I have supported this post with plenty of visuals for better understanding.
Yet, if there’s any confusion, please don’t hesitate to reach out.
Also, for simplicity, we shall consider a binary classification use case.
Let’s begin!
Background
We know that in a neural network, the data undergoes a series of transformations at each hidden layer.
More specifically, this involves the following operations at every layer:
Linear transformation of the data obtained from the previous layer
…followed by a non-linearity using an activation function — ReLU, Sigmoid, Tanh, etc.
The above transformations are performed on every hidden layer of a neural network.
Now, notice something here.
Assume that we just applied the above data transformation on the very last hidden layer of the neural network.
Once we do that, the activations progress toward the output layer of the network for one final transformation, which is entirely linear.
The above transformation is entirely linear because all sources of non-linearity (activations functions) exist on or before the last hidden layer.
And during the forward pass, once the data leaves the last hidden layer, there is no further scope for non-linearity.
Thus, to make accurate predictions, the data received by the output layer from the last hidden layer MUST BE linearly separable.
To summarize….
While transforming the data through all its hidden layers and just before reaching the output layer, a neural network is constantly hustling to project the data to a space where it somehow becomes linearly separable.
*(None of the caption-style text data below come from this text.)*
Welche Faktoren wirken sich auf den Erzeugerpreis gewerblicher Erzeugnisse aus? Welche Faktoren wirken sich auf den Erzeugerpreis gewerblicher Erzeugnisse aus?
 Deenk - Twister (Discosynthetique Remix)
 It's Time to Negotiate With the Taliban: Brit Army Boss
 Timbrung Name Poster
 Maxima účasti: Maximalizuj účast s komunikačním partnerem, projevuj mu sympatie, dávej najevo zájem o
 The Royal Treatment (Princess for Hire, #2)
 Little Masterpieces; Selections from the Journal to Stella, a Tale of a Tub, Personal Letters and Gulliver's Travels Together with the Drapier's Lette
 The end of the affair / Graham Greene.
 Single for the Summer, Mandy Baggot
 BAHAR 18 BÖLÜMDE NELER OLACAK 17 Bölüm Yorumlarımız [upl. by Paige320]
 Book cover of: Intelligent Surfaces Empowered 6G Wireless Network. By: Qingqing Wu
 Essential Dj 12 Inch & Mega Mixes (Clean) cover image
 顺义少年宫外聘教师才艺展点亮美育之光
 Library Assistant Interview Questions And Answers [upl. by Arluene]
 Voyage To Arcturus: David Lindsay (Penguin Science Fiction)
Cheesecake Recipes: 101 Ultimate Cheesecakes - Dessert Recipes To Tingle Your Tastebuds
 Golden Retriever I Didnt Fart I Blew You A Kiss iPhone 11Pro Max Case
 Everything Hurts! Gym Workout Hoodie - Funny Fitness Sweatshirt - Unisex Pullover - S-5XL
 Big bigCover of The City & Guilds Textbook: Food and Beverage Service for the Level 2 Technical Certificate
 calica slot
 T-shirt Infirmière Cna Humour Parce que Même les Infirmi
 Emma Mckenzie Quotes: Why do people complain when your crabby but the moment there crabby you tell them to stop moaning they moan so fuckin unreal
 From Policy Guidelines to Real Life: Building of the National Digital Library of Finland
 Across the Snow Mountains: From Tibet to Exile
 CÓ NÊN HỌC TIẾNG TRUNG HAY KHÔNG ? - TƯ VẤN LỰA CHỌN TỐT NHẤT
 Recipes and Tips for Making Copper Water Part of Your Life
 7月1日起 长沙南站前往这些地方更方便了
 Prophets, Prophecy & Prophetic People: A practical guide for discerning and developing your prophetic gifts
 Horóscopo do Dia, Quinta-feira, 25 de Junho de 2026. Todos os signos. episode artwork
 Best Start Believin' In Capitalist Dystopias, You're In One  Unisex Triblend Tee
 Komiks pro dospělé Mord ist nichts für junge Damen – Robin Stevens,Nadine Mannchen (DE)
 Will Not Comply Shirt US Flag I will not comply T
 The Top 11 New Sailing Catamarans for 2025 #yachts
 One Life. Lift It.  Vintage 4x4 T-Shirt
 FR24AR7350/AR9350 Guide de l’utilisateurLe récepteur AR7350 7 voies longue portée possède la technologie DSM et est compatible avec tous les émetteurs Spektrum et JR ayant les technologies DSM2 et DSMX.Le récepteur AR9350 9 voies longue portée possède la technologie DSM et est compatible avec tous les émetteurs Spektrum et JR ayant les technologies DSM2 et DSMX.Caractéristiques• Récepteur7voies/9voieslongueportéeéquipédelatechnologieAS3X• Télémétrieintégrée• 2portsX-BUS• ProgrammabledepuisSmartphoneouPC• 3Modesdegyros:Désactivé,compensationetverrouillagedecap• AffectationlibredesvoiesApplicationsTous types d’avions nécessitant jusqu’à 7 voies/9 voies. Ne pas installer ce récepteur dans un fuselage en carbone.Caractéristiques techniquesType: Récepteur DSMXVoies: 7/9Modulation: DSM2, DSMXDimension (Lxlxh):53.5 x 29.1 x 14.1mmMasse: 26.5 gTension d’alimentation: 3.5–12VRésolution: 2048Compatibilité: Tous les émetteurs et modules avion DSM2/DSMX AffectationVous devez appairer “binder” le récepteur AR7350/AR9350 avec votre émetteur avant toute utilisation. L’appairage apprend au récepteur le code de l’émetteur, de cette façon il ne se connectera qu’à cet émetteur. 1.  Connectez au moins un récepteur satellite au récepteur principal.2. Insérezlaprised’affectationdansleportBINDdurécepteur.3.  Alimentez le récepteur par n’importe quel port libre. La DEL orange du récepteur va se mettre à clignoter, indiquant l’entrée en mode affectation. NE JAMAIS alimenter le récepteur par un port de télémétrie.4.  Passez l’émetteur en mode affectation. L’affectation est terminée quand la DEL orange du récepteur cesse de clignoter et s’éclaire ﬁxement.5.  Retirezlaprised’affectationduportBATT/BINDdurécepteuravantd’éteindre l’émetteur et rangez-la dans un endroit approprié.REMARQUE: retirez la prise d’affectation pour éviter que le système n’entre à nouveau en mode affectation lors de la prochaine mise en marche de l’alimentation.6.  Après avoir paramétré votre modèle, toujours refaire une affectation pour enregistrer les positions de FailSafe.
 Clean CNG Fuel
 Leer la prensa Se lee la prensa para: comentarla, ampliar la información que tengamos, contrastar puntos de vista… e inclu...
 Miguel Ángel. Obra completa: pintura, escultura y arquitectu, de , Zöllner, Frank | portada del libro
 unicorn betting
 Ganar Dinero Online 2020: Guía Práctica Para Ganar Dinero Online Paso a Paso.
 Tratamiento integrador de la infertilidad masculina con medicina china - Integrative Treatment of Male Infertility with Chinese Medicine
If it does, the output layer becomes analogous to a logistic regression model, which can easily handle this linearly separable data.
In fact, we can also verify this experimentally.
To visualize the input transformation, we can add a dummy hidden layer with just two neurons right before the output layer and train the neural network again.
Why do we add a layer with just two neurons?
This way, we can easily visualize the transformation.
We expect that if we plot the activations of this 2D dummy hidden layer, they must be linearly separable.
The below visual precisely depicts this.
As we notice above, while the input data was linearly inseparable, the input received by the output layer is indeed linearly separable.
This transformed data can be easily handled by the output classification layer.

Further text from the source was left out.